Core Design Decisions

1. Singleton Connection Pattern

The package maintains a single connection stored in a private environment:

.db_env <- new.env(parent = emptyenv())

Why?

  • Prevents users accidentally creating multiple connections
  • Simplifies the API (no need to pass connection objects around)
  • Ensures cleanup happens properly

All functions retrieve the connection via .db_get_con() rather than creating new ones.

2. Input Validation

All user inputs are validated early with clear error messages:

.db_validate_name <- function(x, arg = "name") {
  # Must be single non-empty string
  # Only allows A-Z a-z 0-9 _ -
  # Prevents SQL injection and path traversal
}

This catches problems like table = "../../../etc/passwd" before they cause harm.
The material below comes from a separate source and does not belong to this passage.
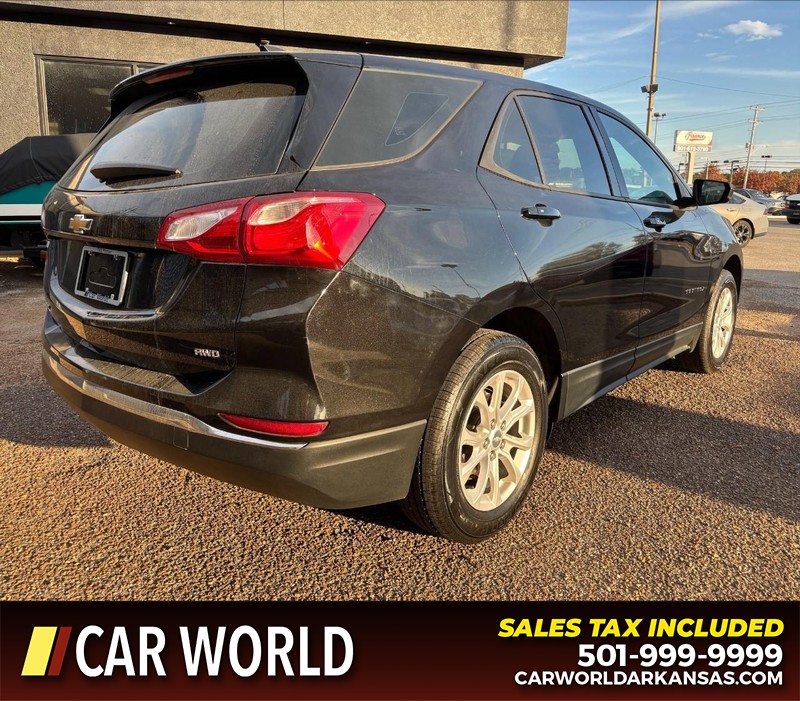 Chevrolet Equinox Vehicle Full-screen Gallery Image 3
3. Lazy Evaluation with DuckDB

Read functions return lazy dplyr tables, not collected data:

dplyr::tbl(con, dplyr::sql(query))

Why?

  • Large datasets aren’t loaded into memory until needed
  • DuckDB can optimise the full query (filters, joins, aggregations)
  • Users call collect() when they’re ready to bring data into R

File-by-File Walkthrough


R/db_connect.R - Connection Management

This file handles connecting to and disconnecting from DuckLake.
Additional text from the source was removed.